Furthermore, we concluded that the economics of SMRs don’t compete when compared with other alternatives. The cost of electricity from SMRs was found to be much higher than the cost of wind or solar, or even of the diesel supply currently used in the majority of these mines and communities.
Of course, our estimates for the LCOEs of different sources are dependent on various assumptions. We tried varying these assumptions within reasonable limits and found that the main result — that electricity from SMRs is far more expensive than the corresponding costs of generating electricity using diesel, wind, solar or some combination thereof — remains valid. All else being equal, the assumed capital cost of constructing a SMR would have to decline by over 95 percent to be competitive with a wind-diesel hybrid system. The limited experience with SMRs that are being built around the world suggests that construction costs will be higher, not lower, than advocates promise.
Meanwhile, renewables and storage technologies have seen substantial cost declines over the past decades. Recent estimates place wind, solar and hybrid systems at costs competitive with diesel power. Successful demonstrations suggest that renewable hybrid applications are becoming increasingly feasible for heavy industry, and the implementation of numerous numerous projects in northern communities suggests a high level of social acceptance. Many northern and, in particular, Indigenous communities have an interest in self-determined decision-making and maintaining a good relationship with the land.
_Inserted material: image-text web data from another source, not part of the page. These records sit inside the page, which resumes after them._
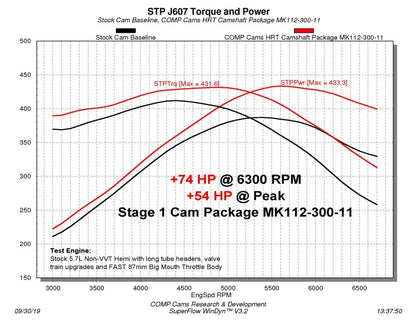 COMP Cams Stage 1 NSR Camshaft 03-08 Chrysler / Dodge / Jeep 5.7L Hemi Engines - eliteracefab.com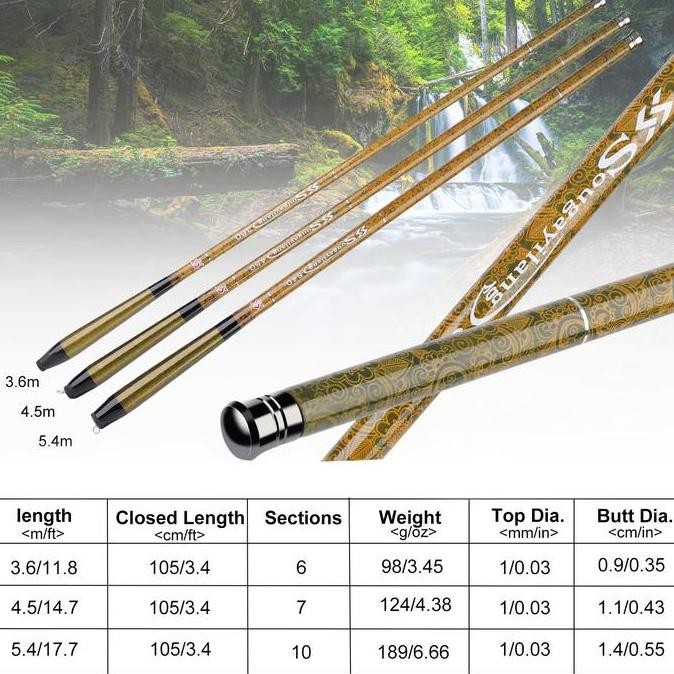 Joran Antena Maguro Corona Telescopic Rod Pancing Murah Termurah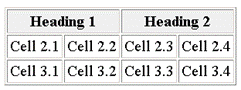 Таблица с объединенными ячейками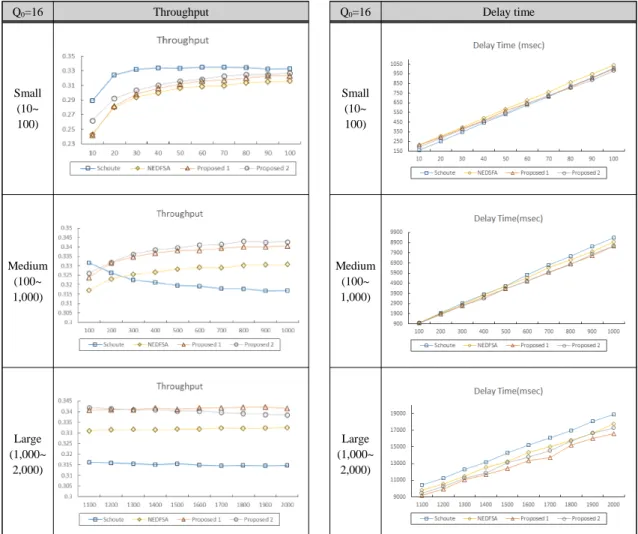 Fig. 5 Performance measures under initial number of time slot (   ) = 16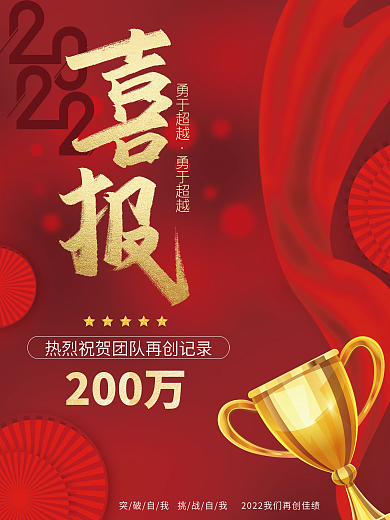 2022再创佳绩团队记录喜报海报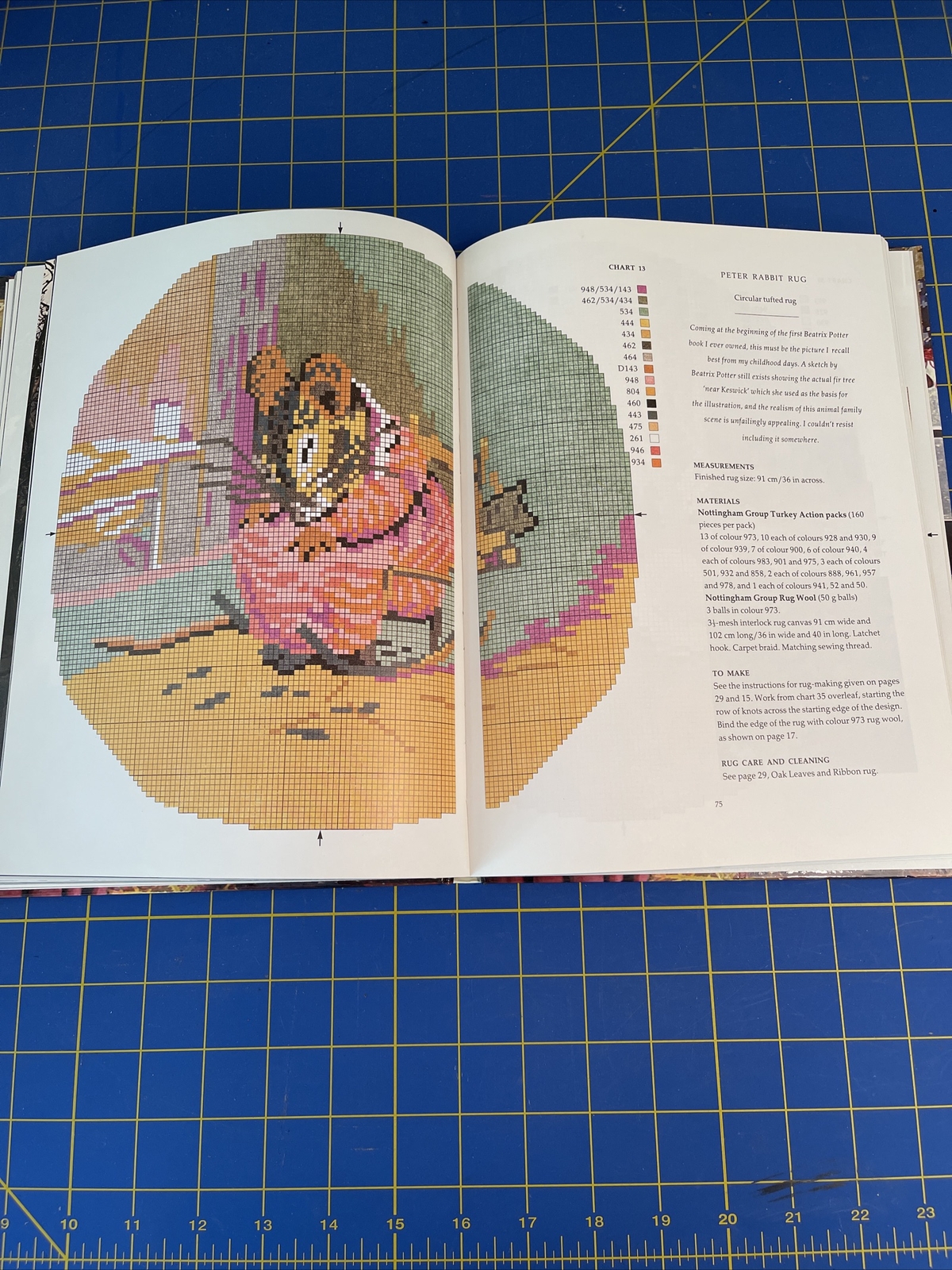 The Beatrix Potter Needlepoint Book by Menchini, Pat Hardback Book The Fast Free 9781854716194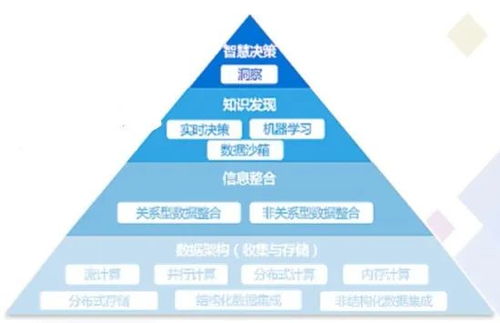数字化转型下金融科技趋势展望 以技术转让为视角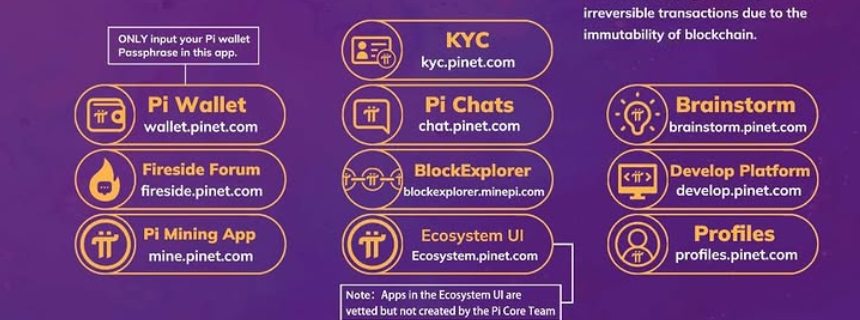 Pi Network生态系统开发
In June 2019, for example, the Anishinabek Chiefs-in-Assembly, representing 40 First Nations across Ontario, unanimously expressed opposition to SMRs. Grand Council Chief Glen Hare announced that the Anishinabek Nation is “vehemently opposed to any effort to situate SMRs within our territory.”
Instead of focusing on SMRs, policy-makers should bolster support for other renewable generation technologies as key mechanisms to reduce carbon emissions and align with community values.